One of the most important skills my siblings and I learned growing up snowy in western New York was how to coexist peacefully in a home that grew smaller with each passing snow day.

People who grow up snowy instinctively begin squirrelling away essentials as the leaves turn. Every autumn, my mother stocked her pantry with nonperishable dried and canned goods. She knew winter would bring blizzards, and, sooner or later, our family would be housebound. My father stacked a large woodpile every fall and kept a store of batteries, candles, and oil for lanterns. My parents were nothing if not prepared for the inevitable bad weather.

Wise woman that she is, my mother also gathered a supply of crayons, paper, clay, puzzles, and board games. And books. A lot of books. Library books, hand-me-down books, thrift shop books, Weekly Reader books, store-bought books.

Mom knew that an engaged, reading child is a quiet, happy child. She had three children. Better to be stuck inside four shrinking walls with three quiet, happy children than with three bickering hellions. When we got tired of making crafts and assembling puzzles, and when the mere sight of one another’s faces raised our hackles, we clamored for books.
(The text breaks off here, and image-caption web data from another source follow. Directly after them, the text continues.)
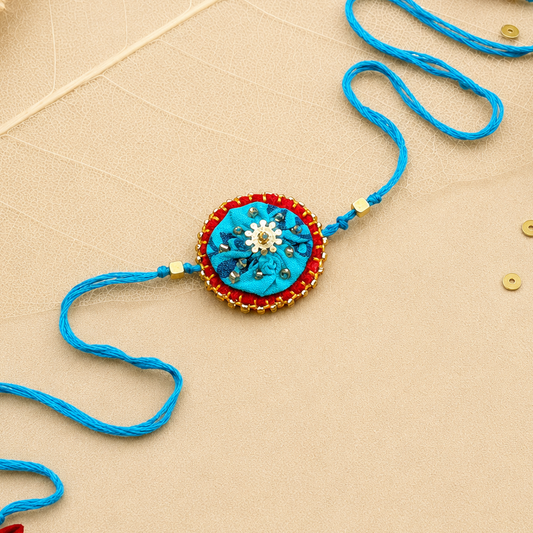 Hand embroidered Ragini Rakhi-Turquoise Print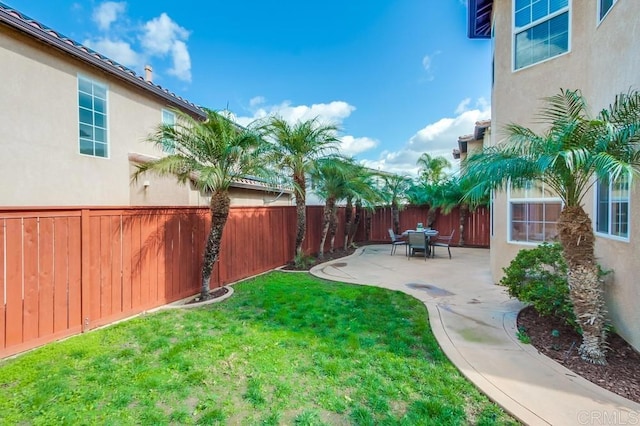 view of yard with a patio area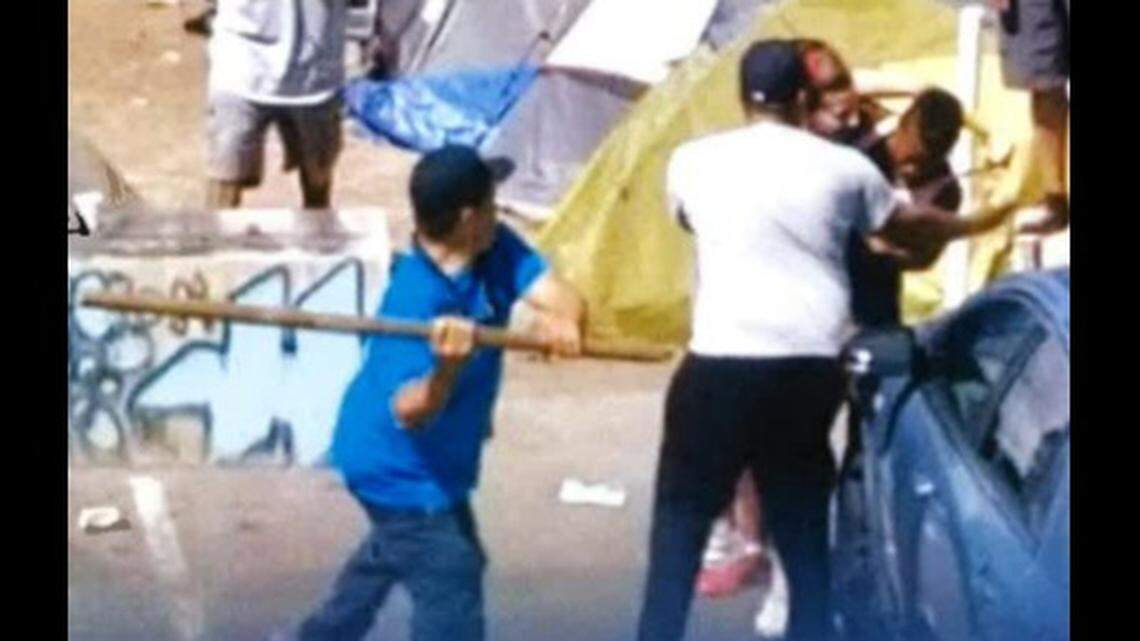 A man died after a couple hit him with their car as they attempted to flee from attackers in a Seattle homeless encampment July 27, 2021, officials said. The couple entered the camp to retrieve stolen items, King County Superior Court documents say.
My brother pored over the Guinness Book of World Records and books about automobiles, trucks, and motorcycles. He read books that diagrammed the inner workings of toilets, engines, and light bulbs. He flipped through cookbooks and attempted several recipes in my mother’s spotless kitchen.

My sister enjoyed historical fiction and nonfiction as well as Nancy Drew and Hardy Boys mysteries. As she grew older, she reached for Jane Austen and the Brontë sisters. The longer the book, the better she liked it.

My literary tastes were varied. I would read anything that found its way into my hands, but in the winter I was partial to fantasy, adventure, and science fiction. Fantastical worlds made easier my escape from the family togetherness forced upon us by the cold.

The winter that the boxed sets of both J.R.R. Tolkien’s Lord of the Rings and C.S. Lewis’s Chronicles of Narnia were deposited beneath our Christmas tree is the sparkliest in my memory. The anticipation of a book not yet read, the smell of the freshly printed page, the excitement of being the first reader to crease the binding—multiplied by eleven (the Tolkien set included The Hobbit)—returns to me whenever I look at the sets, now on my son’s bookshelf decades later.

Children who grow up snowy, who must shovel sidewalks and driveways every winter day, who survive long stretches of time cooped up with their siblings, and who have parents who surround them with stories and words and books, are among the luckiest kids in the world. I know. I was one of them.